This repository accompanies our paper, Salient Object-Aware Background Generation using Text-Guided Diffusion Models, which has been accepted for publication in CVPR 2024 Generative Models for Computer Vision workshop. You can try our model on Huggingface.
The paper addresses an issue we call "object expansion" when generating backgrounds for salient objects using inpainting diffusion models. We show that models such as Stable Inpainting can sometimes arbitrarily expand or distort the salient object, which is undesirable in applications where the object's identity should be preserved, such as e-commerce ads. Some examples of object expansion:
The dependencies are provided in requirements.txt
, install them by:
pip install -r requirements.txt
The following runs the training of text-to-image inpainting ControlNet initialized with the weights of "stable-diffusion-2-inpainting":
accelerate launch --multi_gpu --mixed_precision=fp16 --num_processes=8 train_controlnet_inpaint.py --pretrained_model_name_or_path "stable-diffusion-2-inpainting" --proportion_empty_prompts 0.1
The following runs the training of text-to-image ControlNet initialized with the weights of "stable-diffusion-2-base":
accelerate launch --multi_gpu --mixed_precision=fp16 --num_processes=8 train_controlnet.py --pretrained_model_name_or_path "stable-diffusion-2-base" --proportion_empty_prompts 0.1
Please refer to inference.ipynb
. Tu run the code you need to download our model checkpoints. You can also try our model using Huggingface pipeline:
from diffusers import DiffusionPipeline
pipeline = DiffusionPipeline.from_pretrained("yahoo-inc/photo-background-generation")

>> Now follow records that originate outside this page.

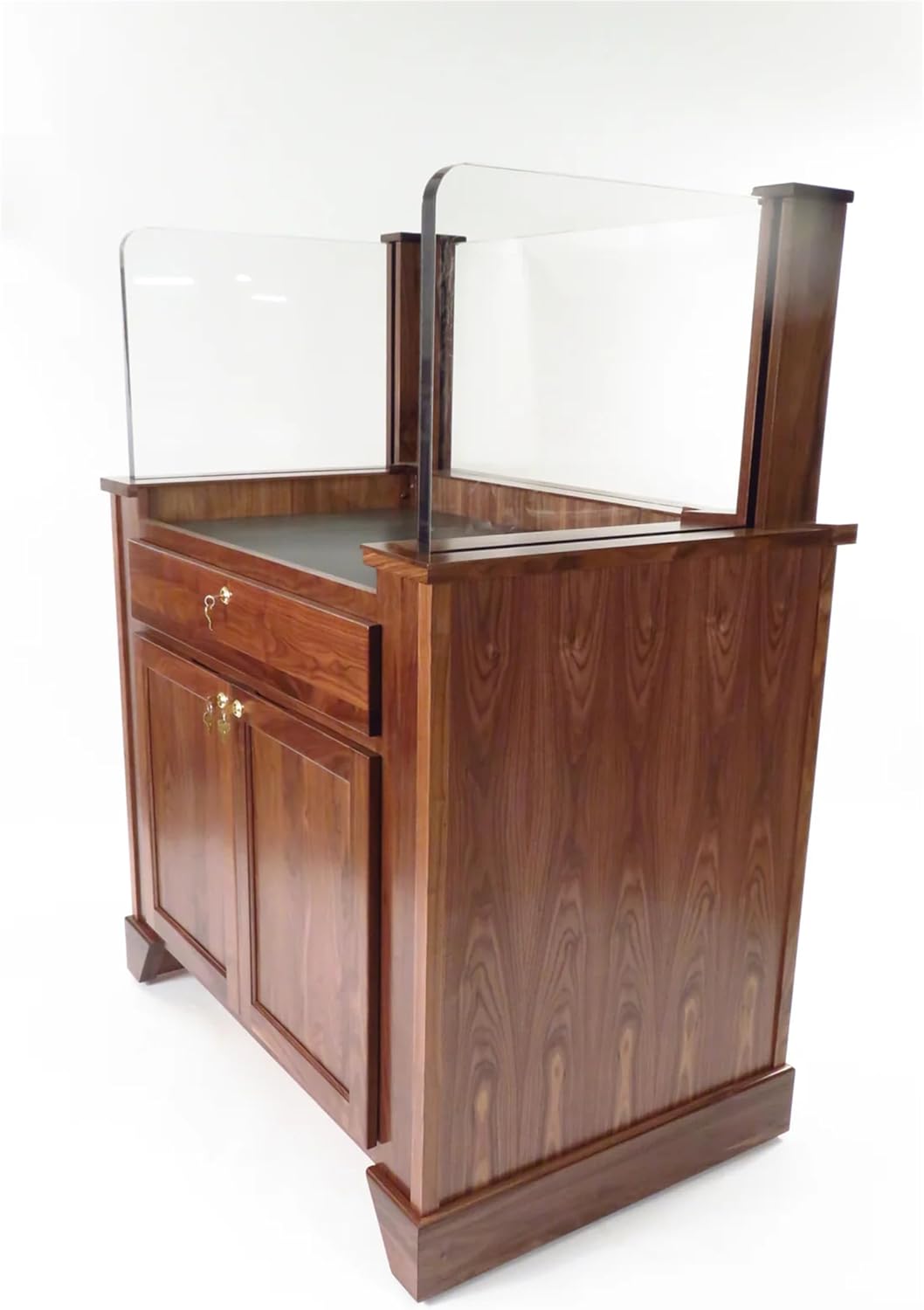 buy NIJ Level III bullet resistant workstation,should I buy a bullet resistant security desk,bullet resistant workstation vs ballistic barrier,NIJ Level III workstation pros cons,best ballistic proof office workstation,bullet resistant security workstation worth buying unboxing and complete package contents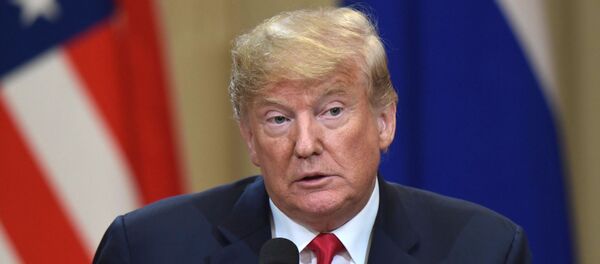 Встреча президента РФ Владимира Путина и президента США Дональда Трампа в Хельсинки Встреча президента РФ Владимира Путина и президента США Дональда Трампа в Хельсинки - Sputnik Абхазия
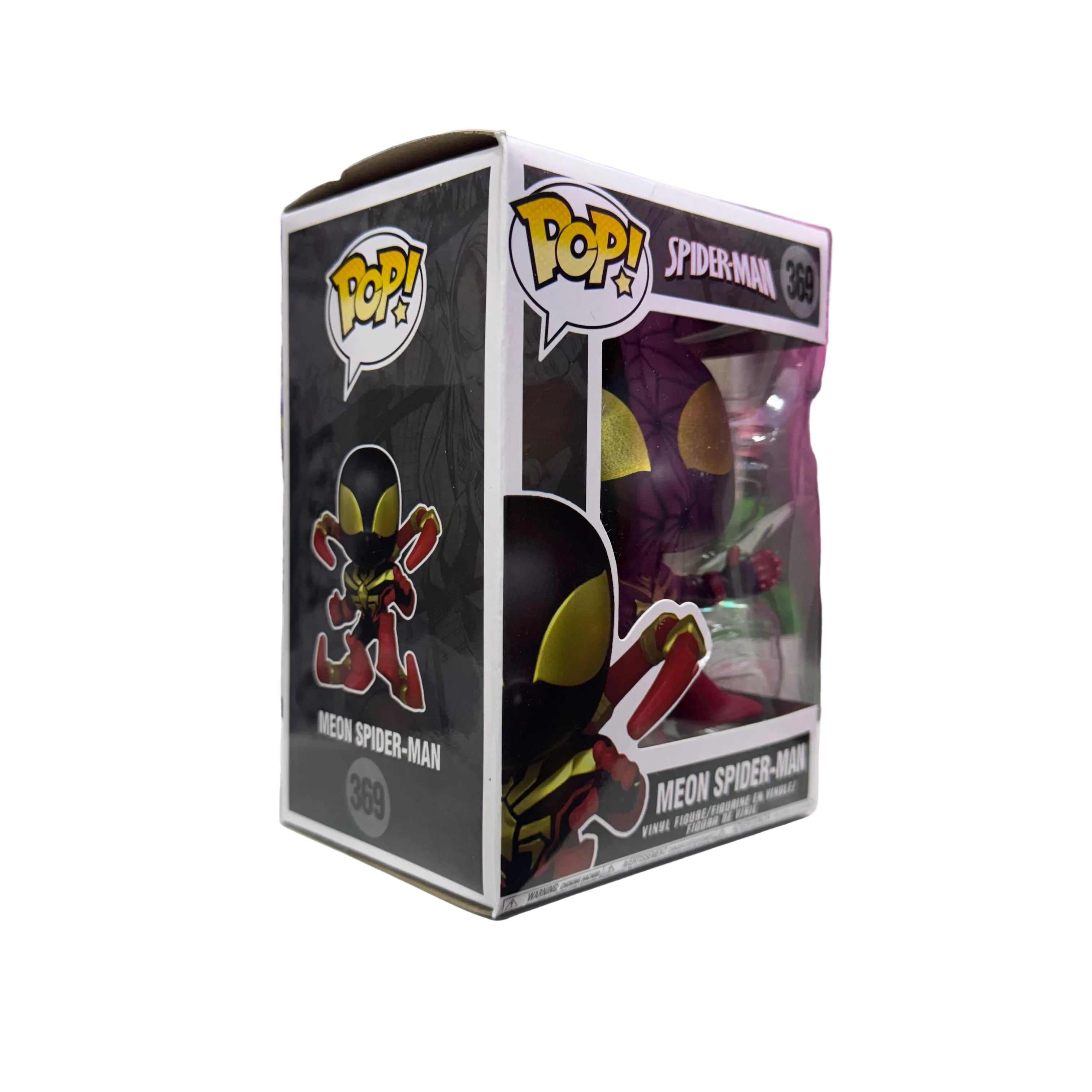 FUNKO POP! HOMEM ARANHA - MARVEL NEON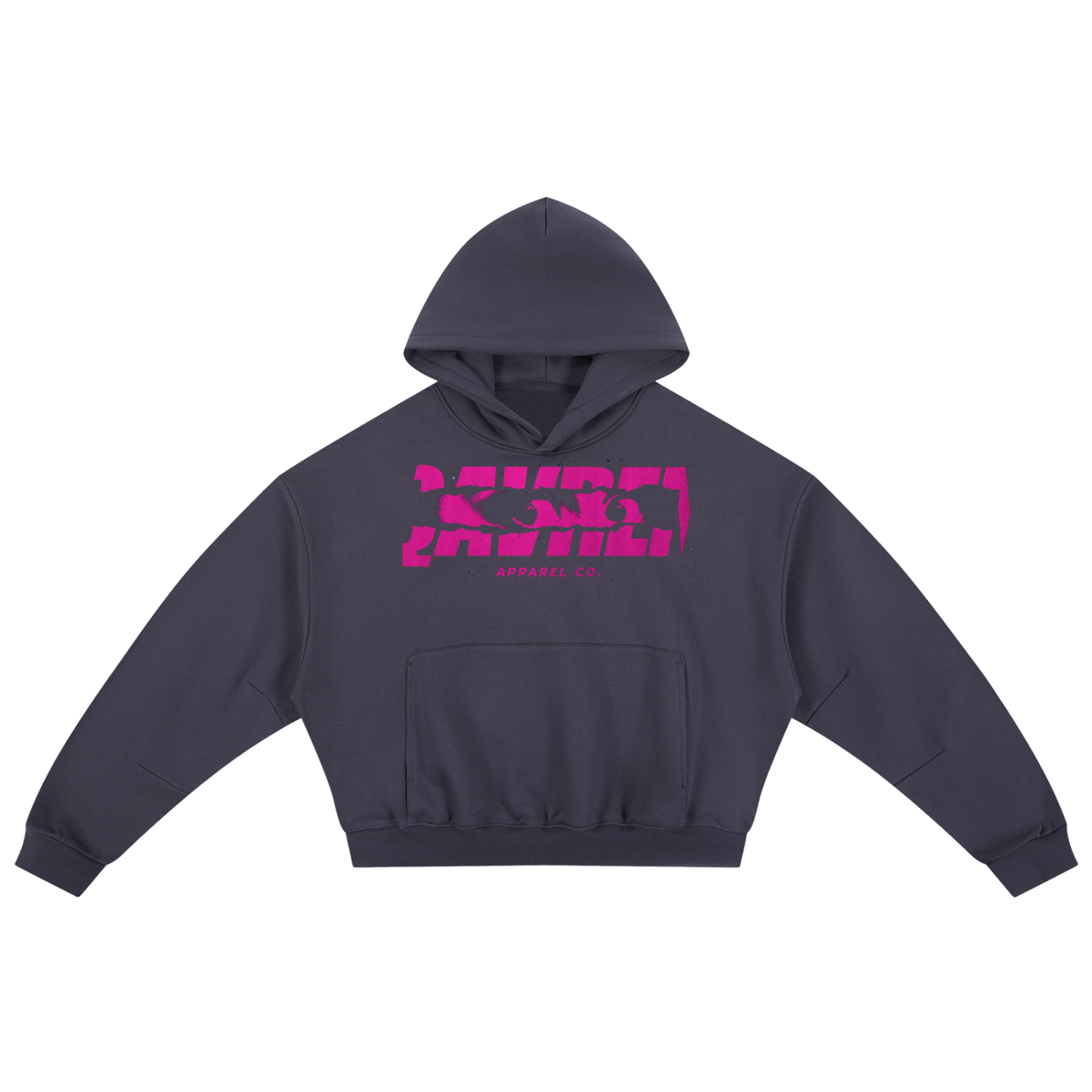 QAVREN oversized Hoodie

Model link | Datasets used |
---|---|
controlnet_inpainting_salient_aware.pth | Salient segmentation datasets, COCO |
If you found our work useful, please consider citing our paper:
@misc{eshratifar2024salient,
title={Salient Object-Aware Background Generation using Text-Guided Diffusion Models},
author={Amir Erfan Eshratifar and Joao V. B. Soares and Kapil Thadani and Shaunak Mishra and Mikhail Kuznetsov and Yueh-Ning Ku and Paloma de Juan},
year={2024},
eprint={2404.10157},
archivePrefix={arXiv},
primaryClass={cs.CV}
}
This project is licensed under the terms of the Apache 2.0 open source license. Please refer to LICENSE for the full terms.